What is needed:
Before anything else, drop the pictures; then return exactly the lines from the top of the listing through the line with "2pcs/1set Jungle Wild".
* * *
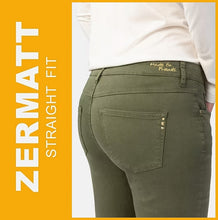 Lade das Bild in den Galerie-Viewer, STOOKER ZERMATT | Beetle Green | Stretch Jeans | Straight Slim Fit | Damen | Rückansicht Gesäß
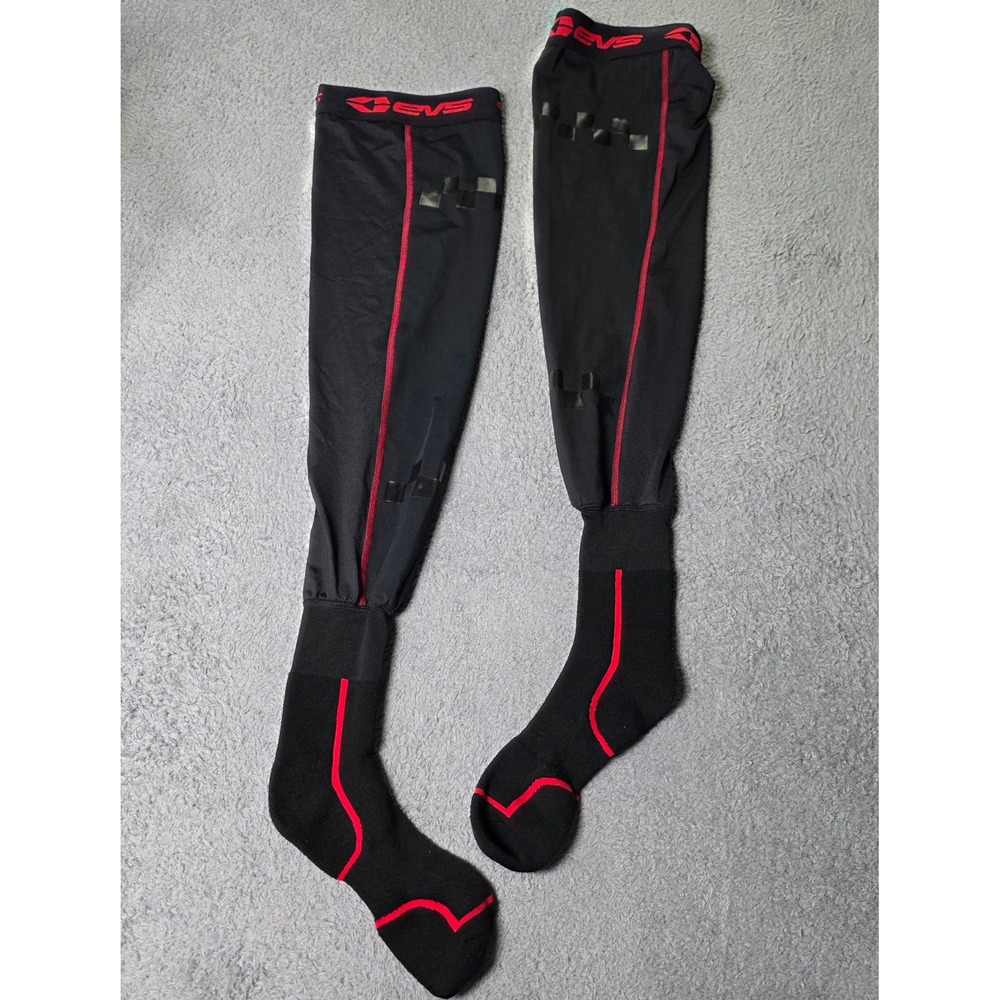 EVS Unisex L/XL TUG Knee Brace Socks Black Red Motocross Racing Under Gear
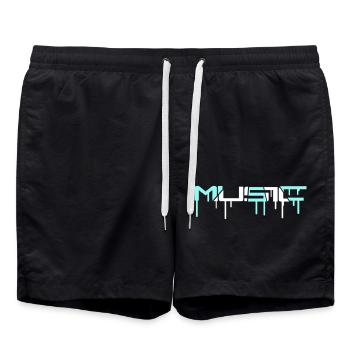 Music Cool Letters Graffiti Drop Party Logo - Swim Trunks - black - Front - AI Model Male 185 light (185cm)
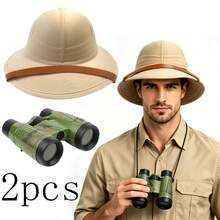 2pcs/1set Jungle Wild Adventure Costume Accessories Set, Includes (Hat, Binoculars) Unisex, Suitable For Role Play, Theme Party, Costume Party, Stage Performance, Halloween, Carnival - Multicolor - View 1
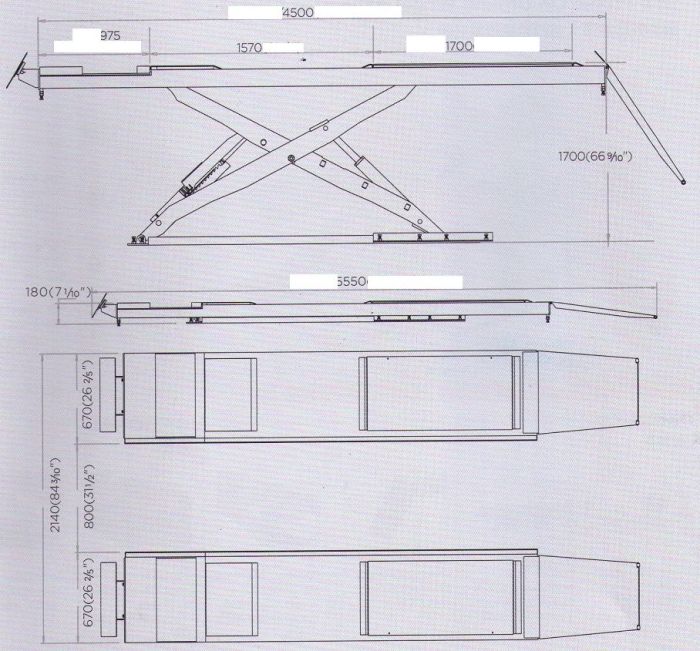 Подъемник ножничный 4т 220В для автосервиса и сход-развала EQFS TS-1109M_220V электрогидравлический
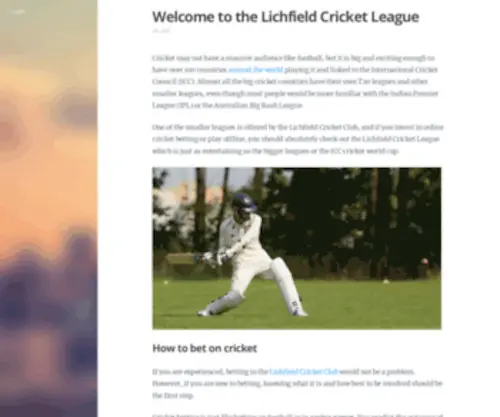 Lichfieldcricketleague.co.uk(About the Lichfield Cricket League) Screenshot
* * *
Solution to the exercise:
 Lade das Bild in den Galerie-Viewer, STOOKER ZERMATT | Beetle Green | Stretch Jeans | Straight Slim Fit | Damen | Rückansicht Gesäß
 EVS Unisex L/XL TUG Knee Brace Socks Black Red Motocross Racing Under Gear
 Music Cool Letters Graffiti Drop Party Logo - Swim Trunks - black - Front - AI Model Male 185 light (185cm)
 2pcs/1set Jungle Wild Adventure Costume Accessories Set, Includes (Hat, Binoculars) Unisex, Suitable For Role Play, Theme Party, Costume Party, Stage Performance, Halloween, Carnival - Multicolor - View 1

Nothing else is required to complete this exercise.